Activity: Ignoring every picture, return the lines of the listing below word for word, from the line that holds "SC license plate ZSY884" through the line that holds "Attico Shoulder Bag".

Material shown:
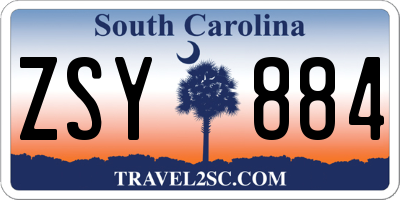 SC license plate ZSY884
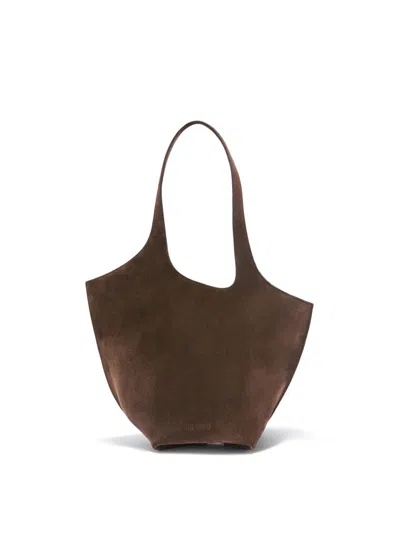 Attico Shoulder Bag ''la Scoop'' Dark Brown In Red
==
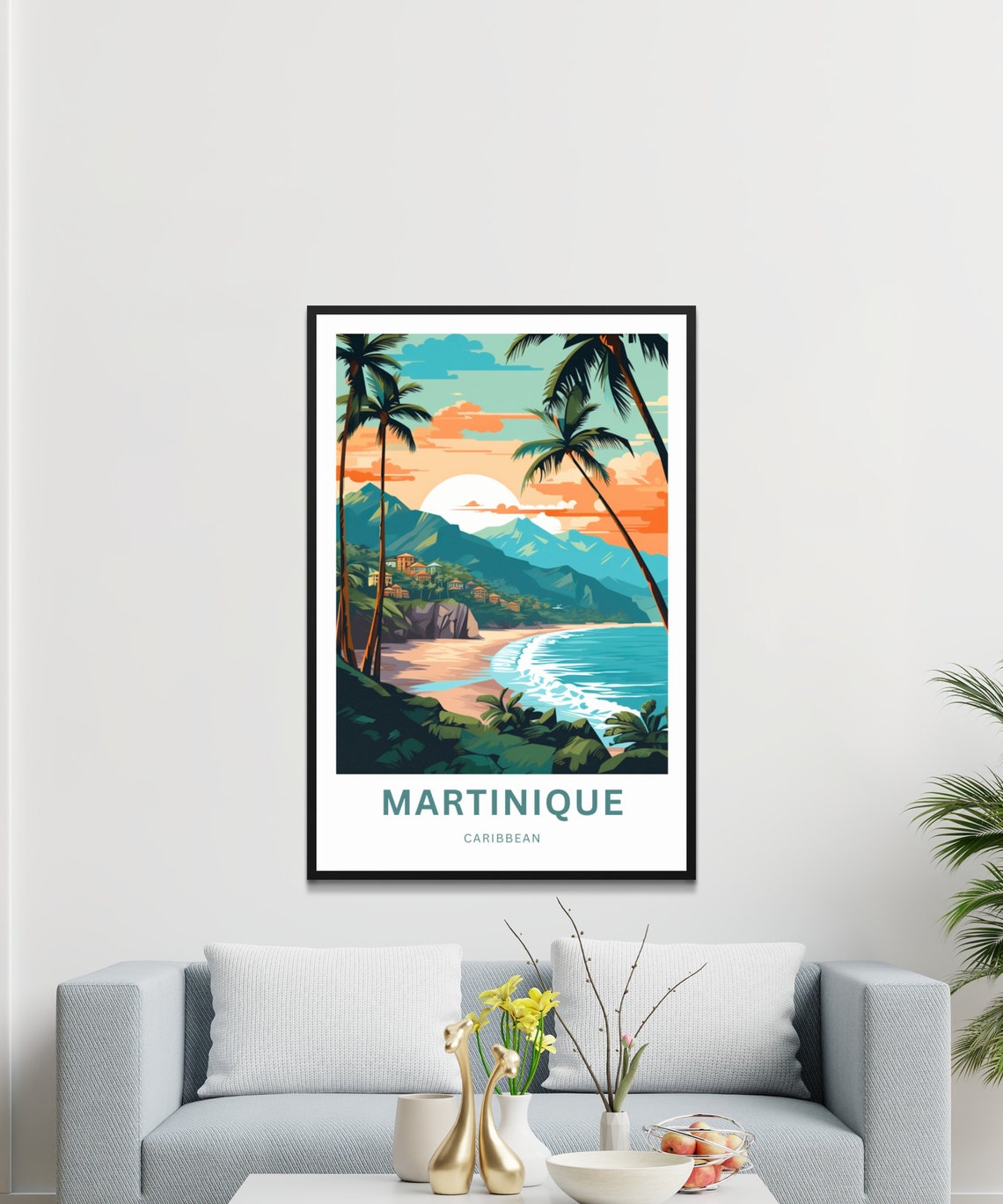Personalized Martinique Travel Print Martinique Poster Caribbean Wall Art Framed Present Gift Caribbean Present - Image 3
==
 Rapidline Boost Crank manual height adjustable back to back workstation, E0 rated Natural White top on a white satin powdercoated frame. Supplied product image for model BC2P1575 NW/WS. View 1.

Final answer:
 SC license plate ZSY884
 Attico Shoulder Bag ''la Scoop'' Dark Brown In Red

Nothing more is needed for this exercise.